15 thoughts on “Aparecida

  1. eu sou pernambucano e também não sou grande fã de recife, embora alguns dos melhores anos de minha vida tenham sido passados por lá. segundo minha irmã, a cidade tem cheiro de cachorro molhado, especialmente na estação de chuvas. no que diz respeito a pernambuco, caruaru e garanhuns são cidades mais bonitas, apesar de menores.

    no entanto, é preciso dar a mão à palmatória no que diz respeito à produção cultural de lá. dá de lapada!

  2. É verdade victor, Recife fede, principalmente agora entre maio e agosto, mas o resto das características dessa cidade que amo tanto descontam esse mau cheiro :-P.
    “Num dia de Sol, Recife acordou
    Com a mesma fedentina do dia anterior.”
    A Cidade – Chico Science & Nação Zumbi

  3. Tá difícil…
    Se Recife fede a cachorro molhado, Salvador a mijo, Sampa a fumaça, eu que sou soteropaulistano tou indo mais é pra Exu, que pelo menos fede a pólvora…

  4. Texto genial. Música genial. Com essa “menage” genial, agora que Aparecida num quieta!.

  5. Estava sem jeito de fazer um comentário que foge um pouco do tema, mas como o povo tá discutindo cheiro de cidades (!)…
    Adorei “é de lá que vem o novo de braços dados com a tradição”, quase pude ver os dois descendo uma ladeira de Olinda.

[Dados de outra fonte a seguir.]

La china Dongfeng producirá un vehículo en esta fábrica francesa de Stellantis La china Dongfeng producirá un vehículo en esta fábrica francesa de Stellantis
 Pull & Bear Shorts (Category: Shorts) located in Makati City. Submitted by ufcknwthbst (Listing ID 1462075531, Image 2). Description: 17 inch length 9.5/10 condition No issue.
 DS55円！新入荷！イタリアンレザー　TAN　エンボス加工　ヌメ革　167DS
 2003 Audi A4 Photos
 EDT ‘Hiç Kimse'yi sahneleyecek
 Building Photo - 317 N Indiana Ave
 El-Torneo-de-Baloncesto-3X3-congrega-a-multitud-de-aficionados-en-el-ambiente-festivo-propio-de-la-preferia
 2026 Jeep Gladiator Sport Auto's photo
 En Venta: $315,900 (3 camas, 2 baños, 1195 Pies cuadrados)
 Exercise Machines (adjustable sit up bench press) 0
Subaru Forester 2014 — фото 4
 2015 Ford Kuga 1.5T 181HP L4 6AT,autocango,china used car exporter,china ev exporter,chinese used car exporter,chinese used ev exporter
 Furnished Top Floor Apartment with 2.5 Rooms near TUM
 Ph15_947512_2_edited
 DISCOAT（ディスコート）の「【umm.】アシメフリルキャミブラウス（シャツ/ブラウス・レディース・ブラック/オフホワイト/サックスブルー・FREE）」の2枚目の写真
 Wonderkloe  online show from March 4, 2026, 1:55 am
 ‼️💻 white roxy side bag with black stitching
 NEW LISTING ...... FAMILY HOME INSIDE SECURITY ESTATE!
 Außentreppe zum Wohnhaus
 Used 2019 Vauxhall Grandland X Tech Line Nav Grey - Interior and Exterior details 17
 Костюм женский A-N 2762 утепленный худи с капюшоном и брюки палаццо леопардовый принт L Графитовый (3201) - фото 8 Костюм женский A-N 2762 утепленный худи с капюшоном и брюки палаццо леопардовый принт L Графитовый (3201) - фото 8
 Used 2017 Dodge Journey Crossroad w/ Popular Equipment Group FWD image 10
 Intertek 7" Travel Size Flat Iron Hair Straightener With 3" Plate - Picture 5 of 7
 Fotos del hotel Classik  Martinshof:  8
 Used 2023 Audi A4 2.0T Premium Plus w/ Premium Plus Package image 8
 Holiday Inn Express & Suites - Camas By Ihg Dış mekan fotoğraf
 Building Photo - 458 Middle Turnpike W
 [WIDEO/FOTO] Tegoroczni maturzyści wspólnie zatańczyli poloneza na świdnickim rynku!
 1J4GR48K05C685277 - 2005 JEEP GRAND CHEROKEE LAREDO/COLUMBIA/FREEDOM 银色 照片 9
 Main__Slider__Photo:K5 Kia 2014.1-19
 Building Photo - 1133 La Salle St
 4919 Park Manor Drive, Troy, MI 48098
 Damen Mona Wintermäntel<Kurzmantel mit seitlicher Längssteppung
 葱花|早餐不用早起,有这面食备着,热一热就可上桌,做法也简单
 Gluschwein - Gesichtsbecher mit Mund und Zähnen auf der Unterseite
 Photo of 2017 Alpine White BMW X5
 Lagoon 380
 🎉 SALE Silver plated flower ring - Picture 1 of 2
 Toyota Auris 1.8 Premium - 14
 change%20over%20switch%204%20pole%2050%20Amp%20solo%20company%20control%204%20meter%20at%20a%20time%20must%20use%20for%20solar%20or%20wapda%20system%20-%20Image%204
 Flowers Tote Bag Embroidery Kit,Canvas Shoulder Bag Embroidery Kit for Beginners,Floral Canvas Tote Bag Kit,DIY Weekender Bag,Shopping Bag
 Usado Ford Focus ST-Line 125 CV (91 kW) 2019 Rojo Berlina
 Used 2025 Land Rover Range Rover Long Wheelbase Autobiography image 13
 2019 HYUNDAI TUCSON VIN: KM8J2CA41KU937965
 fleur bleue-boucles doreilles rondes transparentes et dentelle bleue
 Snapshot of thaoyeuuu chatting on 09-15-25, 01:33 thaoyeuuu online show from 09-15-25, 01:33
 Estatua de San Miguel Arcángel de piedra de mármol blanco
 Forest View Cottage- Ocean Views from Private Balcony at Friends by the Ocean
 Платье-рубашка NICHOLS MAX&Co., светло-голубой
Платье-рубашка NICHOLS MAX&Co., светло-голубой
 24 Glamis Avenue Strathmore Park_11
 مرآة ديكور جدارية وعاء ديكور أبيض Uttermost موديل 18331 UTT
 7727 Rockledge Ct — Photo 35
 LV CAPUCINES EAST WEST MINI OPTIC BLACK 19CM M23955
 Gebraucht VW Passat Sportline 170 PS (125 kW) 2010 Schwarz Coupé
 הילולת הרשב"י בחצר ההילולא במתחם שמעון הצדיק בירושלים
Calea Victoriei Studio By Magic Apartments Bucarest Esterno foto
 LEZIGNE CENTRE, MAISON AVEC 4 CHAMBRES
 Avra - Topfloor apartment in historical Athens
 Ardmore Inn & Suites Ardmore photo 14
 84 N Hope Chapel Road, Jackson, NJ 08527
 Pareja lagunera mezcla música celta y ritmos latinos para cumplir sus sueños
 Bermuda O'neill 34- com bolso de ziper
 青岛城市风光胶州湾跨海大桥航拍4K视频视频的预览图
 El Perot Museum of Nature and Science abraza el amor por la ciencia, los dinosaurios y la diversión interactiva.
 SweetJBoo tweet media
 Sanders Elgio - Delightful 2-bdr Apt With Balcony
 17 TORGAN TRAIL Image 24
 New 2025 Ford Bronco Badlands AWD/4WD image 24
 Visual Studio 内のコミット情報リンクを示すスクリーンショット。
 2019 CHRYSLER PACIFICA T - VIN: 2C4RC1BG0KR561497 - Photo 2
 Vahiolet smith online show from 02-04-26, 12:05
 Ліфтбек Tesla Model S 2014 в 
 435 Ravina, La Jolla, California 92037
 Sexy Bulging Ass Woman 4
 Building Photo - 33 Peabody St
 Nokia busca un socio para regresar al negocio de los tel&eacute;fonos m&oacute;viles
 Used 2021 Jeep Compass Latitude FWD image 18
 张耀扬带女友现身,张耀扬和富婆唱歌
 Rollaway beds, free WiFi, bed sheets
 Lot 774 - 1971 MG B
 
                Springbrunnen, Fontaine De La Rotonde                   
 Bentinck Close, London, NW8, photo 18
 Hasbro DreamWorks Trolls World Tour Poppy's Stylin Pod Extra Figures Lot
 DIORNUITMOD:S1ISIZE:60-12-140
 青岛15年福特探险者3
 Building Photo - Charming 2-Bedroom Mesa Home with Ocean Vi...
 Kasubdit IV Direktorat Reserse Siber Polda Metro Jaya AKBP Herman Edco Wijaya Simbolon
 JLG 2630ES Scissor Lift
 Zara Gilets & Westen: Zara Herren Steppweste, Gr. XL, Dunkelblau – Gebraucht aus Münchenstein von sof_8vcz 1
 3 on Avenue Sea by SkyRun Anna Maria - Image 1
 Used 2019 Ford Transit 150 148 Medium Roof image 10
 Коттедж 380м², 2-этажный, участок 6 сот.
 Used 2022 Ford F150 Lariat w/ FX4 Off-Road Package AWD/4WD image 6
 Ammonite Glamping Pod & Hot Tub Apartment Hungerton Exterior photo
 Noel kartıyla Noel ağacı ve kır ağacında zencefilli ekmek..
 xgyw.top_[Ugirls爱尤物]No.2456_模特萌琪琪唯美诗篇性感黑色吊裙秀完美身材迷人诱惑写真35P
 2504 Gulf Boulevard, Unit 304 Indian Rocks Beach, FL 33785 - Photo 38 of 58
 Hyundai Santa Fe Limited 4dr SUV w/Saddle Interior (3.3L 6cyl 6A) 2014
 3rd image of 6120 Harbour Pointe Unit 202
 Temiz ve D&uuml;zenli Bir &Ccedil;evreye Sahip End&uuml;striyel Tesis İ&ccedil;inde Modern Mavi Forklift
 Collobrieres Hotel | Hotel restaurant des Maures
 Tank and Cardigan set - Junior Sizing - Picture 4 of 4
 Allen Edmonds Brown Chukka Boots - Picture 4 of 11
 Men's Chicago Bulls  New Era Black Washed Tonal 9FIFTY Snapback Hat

E o “Aparecida, minha filha, fica assim não” me arrancou uma gargalhada, pude escutá-lo com um sotaque baiano que eu nem sei se vc tem.
    Parabéns, fiquei com uma pontinha de inveja porque eu também tenho uma espécie de “aparecida” no blogue e não tive ainda essa maestria que vc teve para confrontá-la. Ainda torço para que ela seja menos determinada que a sua e canse.
    Ah, e assim que comecei a ler fiquei com ouvindo na rádio cabeça “acontece que eu sou baiano”. E continuei pensando na canção, porque provavelmente ela não é 😉 .

  6. eu não sou baiana, nem jornalista, nem Aparecida. Uma pena! Gostava de ganhar um post assim, só pra mim.
    Aparecida tá com a vida ganha e nem sabe!
    abração

  7. Fabuloso, cheguei inclusive a invejar Aparecida. parabéns pelo blog, leio sempre! Abraço.

  8. Rafael:

    Tive conhecimento do seu blog por meio do blog do biscoito fino e a massa. No recente post, ora comentado,vc confirma a crítica do mestre Avelar. Essa preguiça de escrever é uma virtude, pois foi sob pressão que surgiu a Aparecida. Moça apressada, mas que tirou vc da hibernação.Saudações alagoana!

  9. Paraíba,
    Desculpa a intimidade, mas é que vejo teus amigos te chamarem assim (o Bia por exemplo é um) e, apesar de não nos conhecermos, é assim que me sinto só de ler teu blog: como se ouvisse um velho amigo entre uma e muitas outras biritas… quanto a tua preguiça, não te preocupes com ela, que é fichinha perto da minha que tenho/tinha um blog, atualizado com a frequência em que ocorrem eclipses lunares totais e perfeitamente visíveis de dentro de uma caverna… ou quase nunca, se eu fosse um cara mais sucinto e menos reticente…
    Enfim, só queria dizer isso mesmo: tu és meu amigo e não sabes
    O dia em que passares por Santa Catarina já podes bater no peito e dizer com desgosto: tenho um amigo nesse cú! (assim mesmo, com o mau gosto e a ambiguidade maliciosa que cabem nessa frase)
    Um abraço,
    Thiago

  10. todo mundo falando do cheiro de cachorro molhado, mas diz aí, rafa: pq vc não gosta de recife?